The Americans are now without national leadership (neither Obama, nor Clinton, nor Trump qualify), without a plan (Plan B for Syria is no plan at all), and being carefully corralled and thwarted by other nations, which realize that even in its senescence and decrepitude the US remains dangerous. In response, the US will no doubt continue to make minor mischief around the world, continuing to try to make use of “terrorism by proxy” while periodically hurting itself and claiming that it was all the terrorists’ fault in order to be able to play the victim. These efforts are likely to be as self-defeating as the previous ones, but some of them may accidentally get out of hand and trigger a wider conflict.
And so I feel it safe to conclude that the largest remaining possible cause for a major war between the US and Russia is yet another American “Oops!” However, Russian diplomats, foreign policy experts and military men are consummate professionals, and are dedicated to preventing just such an accident. They remain involved in negotiations with the American side on multiple levels, keeping channels of communication open at all times. Although some people somehow got the erroneous notion that the US has broken off diplomatic relations with Russia, what in fact has happened is that the US has suspended bilateral negotiations with Russia over Syria, while multilateral efforts continue.
But Americans shouldn't labor under the misapprehension that the Russians will remain infinitely accommodating. Recetly, the Russians took the Americans to the woodshed over their “accidental” bombing of Syrian troops at Deir-ez-Zor, which was clearly coordinated with ISIS, who went on attack immediately after the airstrike. This incident, which was a clear breach of the cease fire agreement, prompted the Russians to label the Americans with a particularly hurtful Russian word: ”недоговороспособные”—incapable of honoring an agreement. Some observers thought that the Deir-ez-Zor fiasco signaled that the Obama administration was no longer in control of the Pentagon, which was now running around like a headless chicken around a barnyard. This claim was bolstered when the Americans, or their terrorist proxies, then bombed a humanitarian convoy and attempted to pin the blame on the Russians.

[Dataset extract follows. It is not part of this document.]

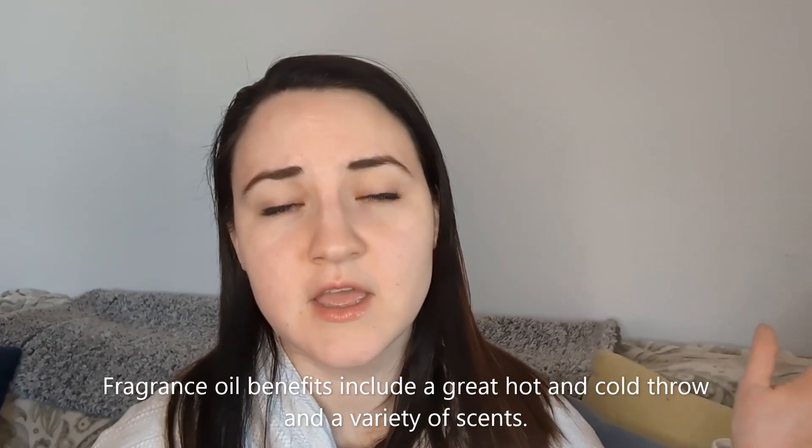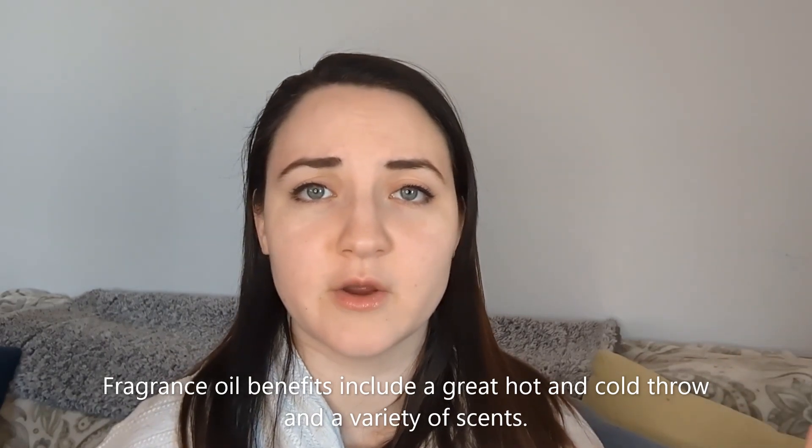Let's recap the benefits of each. As far as essential oils go, they are way less toxic, they do have health benefits with aromatherapy, and they have a very long shelf life. You can also get a good hot throw from essential oils — you just have to use more, or know which essential oils will smell more potent in candles because not every essential oil will have the same fragrance load. There's a lot more testing involved with essential oils, which can be a bit of a downside, but they're still what I prefer to use for candle making.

The Russians have also cancelled a deal—the only arms reduction treaty Obama has managed to negotiate during his entire eight-year tenure—for getting rid of excess plutonium because of American failure to burn their share of plutonium in a fast breeder reactor which they had agreed to build for this purpose at Savannah River in Georgia. Fast breeder reactors are tricky, and most of the nuclear nations have failed at building and operating them. They make no economic sense, and, like fusion reactors, will forever remain an “energy source of the future.” Still, the Americans signed up to build and operate one; so much for that.
The Americans accepted their punishment with hardly a whimper to be heard in the national press, which was in any case probably too busy being hysterical. Perhaps these are ineffective ways of insulting them. Still, I prefer take this as a hopeful sign that the patient remains at least somewhat rational.
As far as the nasty medical problem of anti-Russian hysteria… I am sure that some highly trained Russian psychologists and psychiatrists are standing by to help with that as well.